I think I'll go for an old bass head. I'll be killing two birds with one stone really as I am now a bassist in my first 'proper' band. They seem pretty expensive though, so does anyone know if a solid state head will to the job? Also, I don't know much about bass amps, so will one will be able to give me enough gain or fuzz, or will I definitely need a boost? I think I've only seen about 2 bass amps ever which actually preamp gain.

Thanks for the help everyone.


----------



## Meldville (Mar 31, 2009)

Thin_Ice_77 said:


> I've researched what Josh Homme used in the Kyuss days and here's what Wikipedia says
> 
> 
> 
> ...



You'll definitely want a boost/fuzz in front of it, a bass head itself will not give you that kind of tone.


----------



## poopyalligator (Mar 31, 2009)

get a randall head, one of the really high wattage ones (cyclone,titan). I have a cyclone and it can achieve stoner metal tone fairly easily. If you are not fully cranked it sounds a little muddy. It also has a built in eq also. So you can do even further adjustments to it. You can use it for a bunch of other styles also.


----------



## Panterica (Mar 31, 2009)

i can turn the presence or whatever that fuckin knob is on my Savage and get it pretty much dead by lowering the gain and playing through a ampeg 4x15 or something


----------



## Nightcrawler (Mar 31, 2009)

Ampeg V4 head 
Ratt distortion

most importantly, get some good weed and the tone will come to ya


----------



## Stealthdjentstic (Mar 31, 2009)

For a second there i thought the title was "Cheap head for stoner"


----------



## Thin_Ice_77 (Mar 31, 2009)

^^ It still applies


----------



## maat (Mar 31, 2009)

Behringer Ultrabass BX4210A <<Awesome.

Two things though, you'll have to swap the speakers to midrange drivers and get an extra cab.

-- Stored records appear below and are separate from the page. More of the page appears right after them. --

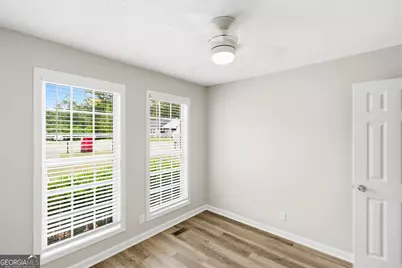 831 Glenridge Drive S, Macon, GA 31211 - Photo 5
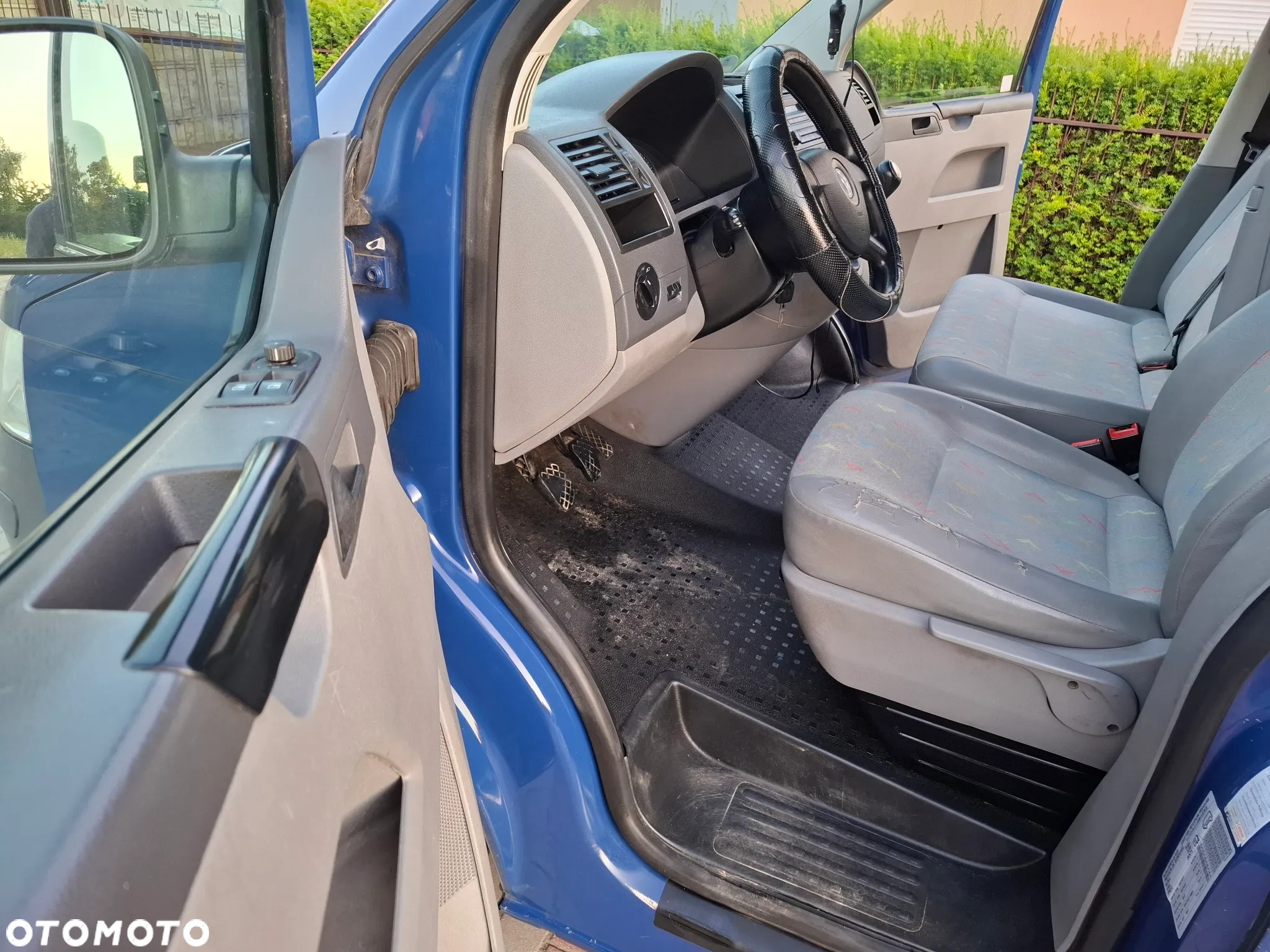 Volkswagen Transporter T5 TDI L2H1 - 37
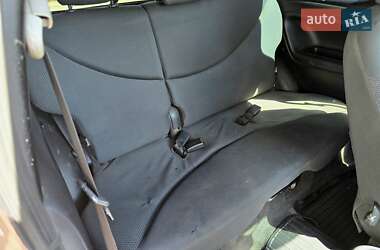 Хетчбек Toyota Yaris 2004 в 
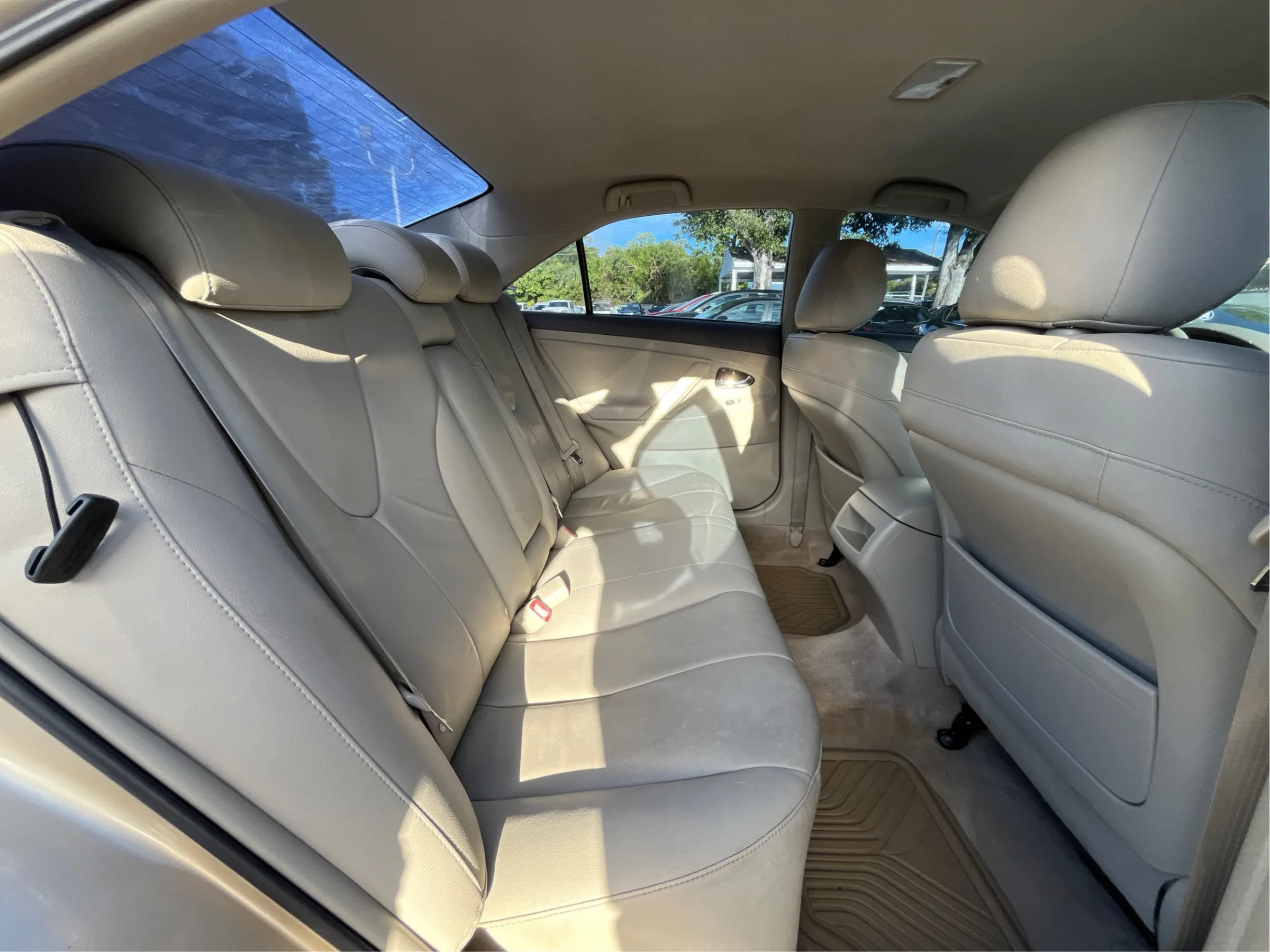 Used 2011 Toyota Camry LE w/ LE Extra-Value Pkg FWD image 22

You'll need a distortion pedal.
The ones I'd recommend are...
Line6 UberMetal
Ram's Head Big Muff Pi.
Sandford & Sonny Bluebeard Fuzz
EarthQuaker Devices _Hoof Fuzz Pedal

_


----------



## metalmonster (Apr 23, 2009)

an used fender bassman ? 

hey , why not ... and a danelectro baritone guitar (they just released uber-cool guitars looking like jazzmasters) and fuzzboxes . A setup of this kind would rule , man ! not the clich&#233; stoner rig , but a cool rig ...


----------



## Tukaar (Apr 24, 2009)

Okay. What I've been REALLY satisfied with lately is a Fender FM100H head with a Fender FM412 cabinet with an MXR Blue Box and an MXR Distortion + front ending it. Also, in the loop, I have a Boss DD-3 Delay.

Pretty thick sound. Getting ready to switch out the MXR's for a RAT, though.


----------



## liamlw (May 21, 2009)

he mixed his gear a lot.
watch videos on youtube, marshall heads and 4x12 cabinet, sometimes 4x10, 8x10 bass cab, 2x15. and normally with an ampeg guitar/bass head. some of the time he is using Tubeworks Mosvalve bass head for power amp, he mixes it up a lot.
get a nice fuzz with a cranked old tube amp, tone adjusted and you're there imo


----------



## Justin Bailey (May 21, 2009)

a valvestate will do you good.


----------



## dorfmeister (Nov 8, 2009)

Traynor YBA-1 + A Dwarfcraft Devices Eau Claire Thunder.

Basically a vintage Marshall JTM45 without the high cost and a Big Muff Variant with huge bass response.


----------



## Ketzer (Nov 8, 2009)

I suppose it's really convenient that he already has an 8100, then 

I got great stoner tone out of my old Madison Divinity II. I don't think those come with a way to de-saturate them. Example: I ran a modded TS7 in front of the gain channel with the gain on 5, and got no perceptible increase in gain or volume, only more feedback. I was running it through an early 90s Mesa 2x15 for a while... fucking oppressive as hell.


----------



## ellengtrgrl (Nov 8, 2009)

If you can find them, most of the Sovtek heads are pretty cheap, and the do great stoner tone.


----------



## Randy (Nov 8, 2009)

^


That, with a hot-OD or a distortion pedal backed off most of the way (a Big Muff or Metal Muff). The Sovtek will give you the bite and the OD will give you a little bit of "fuzz".


----------



## Thin_Ice_77 (Nov 8, 2009)

6 month old bump ftw 

Isn't really needed anymore, but this information may well be useful for someone else


----------



## christpuncher66 (Nov 9, 2009)

ellengtrgrl said:


> If you can find them, most of the Sovtek heads are pretty cheap, and the do great stoner tone.



ive seen two stoner bands live using sovtek amps and they sound perfect. fuzzed out, loud, bassy, old school. they are awesome for stoner. big muffs are classic. and v30's help too for low end and creamy mids. 

for more expensive tastes old marshalls, sunn, orange, electric amp usa, and matamp are unbeatable


----------



## chips400 (Nov 10, 2009)

marshall valvestate


----------